**DIRECTIONS FOR THIS TASK**
Transcribe, word for word, every line from the one containing "Face You Make Robert Downey Jr | THE" through the final line of the records, and omit the pictures.

Data items:
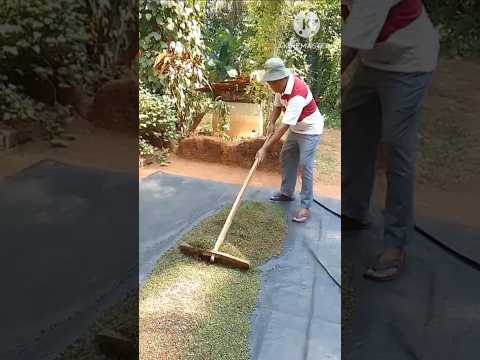 #spreading #blackpepper #drying #kalumenasu #blackgold #villgelife #shortsvideo #show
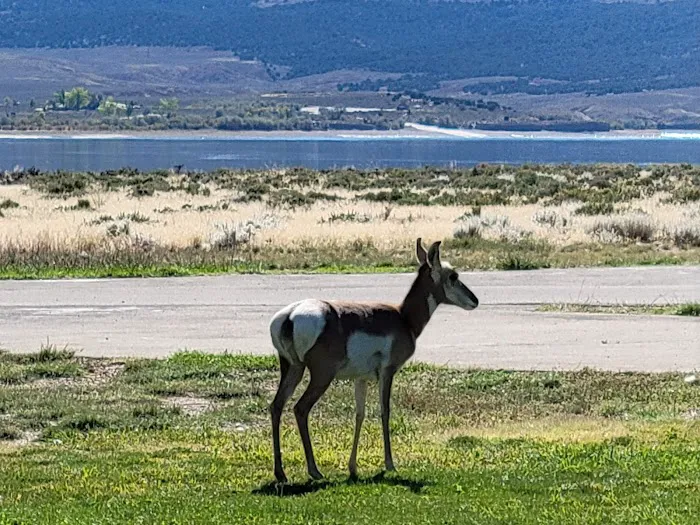 Lucerne Campground Picture 9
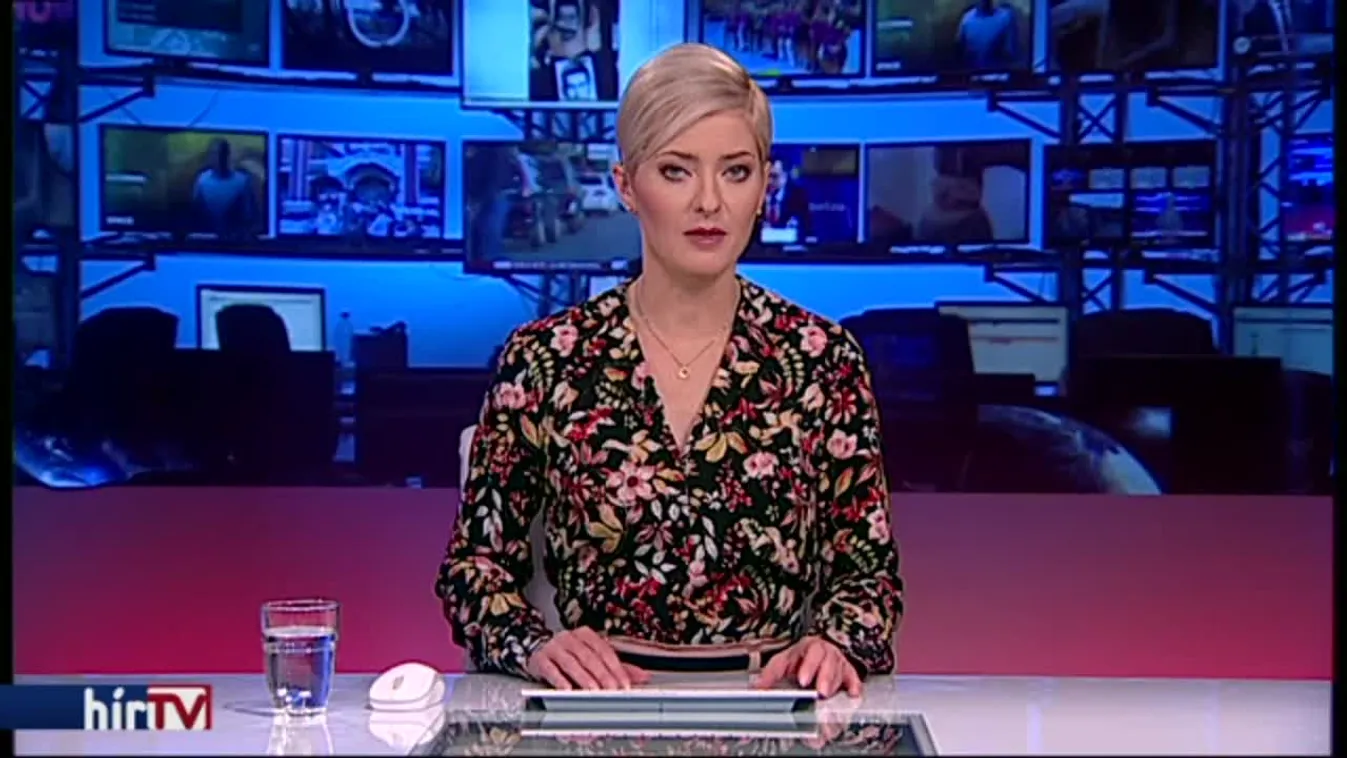 Tigris-mészárszéket üzemeltető hálózatra csaptak le Csehországban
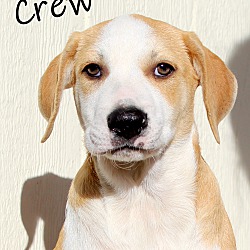Thumbnail photo of Crew ~ meet me! #1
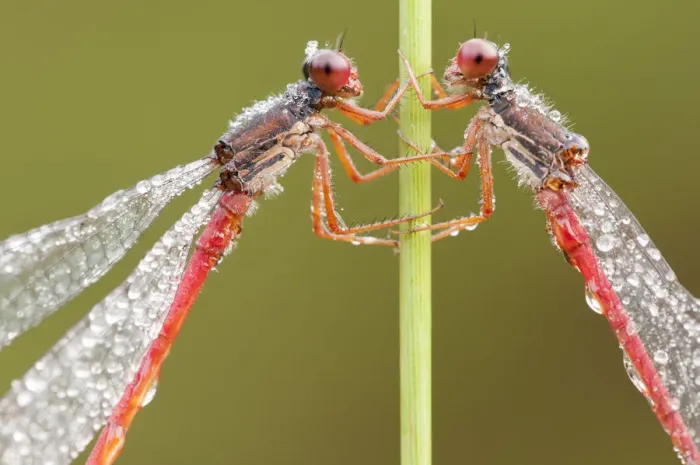 Framed Print : RF- Two Small red damselflies (Ceriagrion tenellum) covered in morning dew. Arne Framed Print : RF- Two Small red damselflies (Ceriagrion tenellum) covered in morning dew. Arne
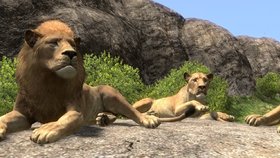 Afrika Screenshot from Shacknews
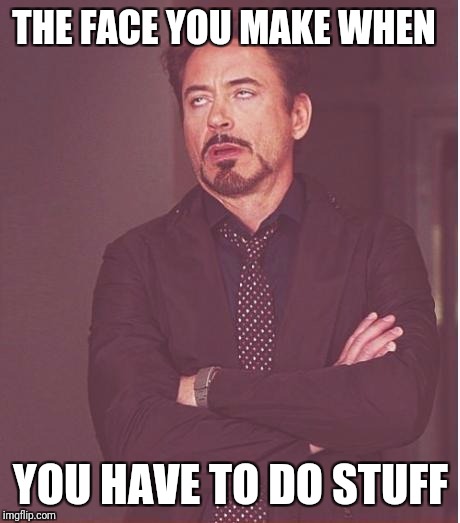 Face You Make Robert Downey Jr | THE FACE YOU MAKE WHEN; YOU HAVE TO DO STUFF | image tagged in memes,face you make robert downey jr | made w/ Imgflip meme maker
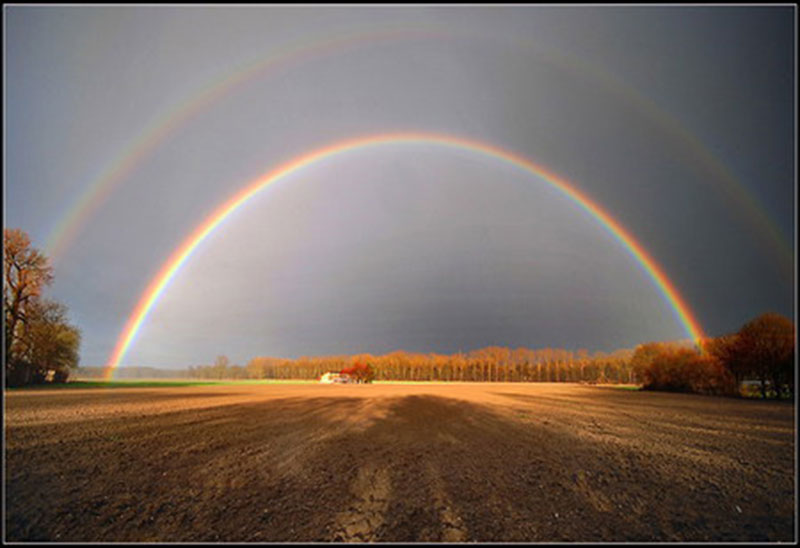 Multiple-Rainbow-A-perfect-view-for-the-field Do you need a rainbow wallpaper? Here are the best of them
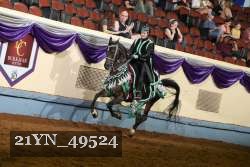 21YN_49524 proof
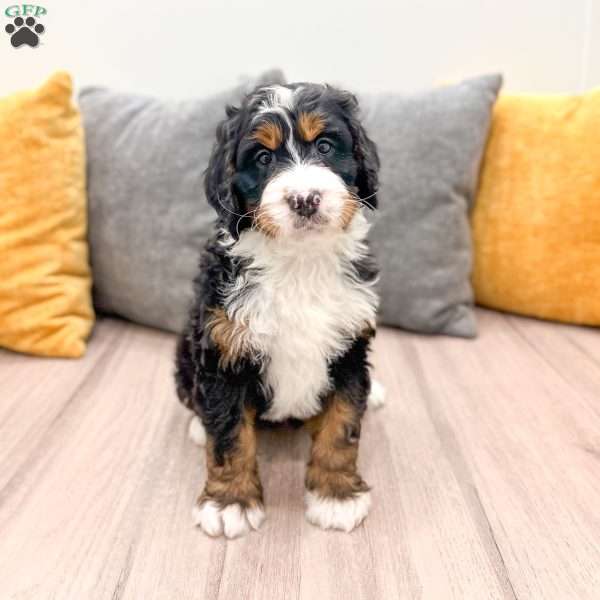 Betty, Mini Bernedoodle Puppy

**ANSWER FOR THE TASK**
 Face You Make Robert Downey Jr | THE FACE YOU MAKE WHEN; YOU HAVE TO DO STUFF | image tagged in memes,face you make robert downey jr | made w/ Imgflip meme maker
 Multiple-Rainbow-A-perfect-view-for-the-field Do you need a rainbow wallpaper? Here are the best of them
 21YN_49524 proof
 Betty, Mini Bernedoodle Puppy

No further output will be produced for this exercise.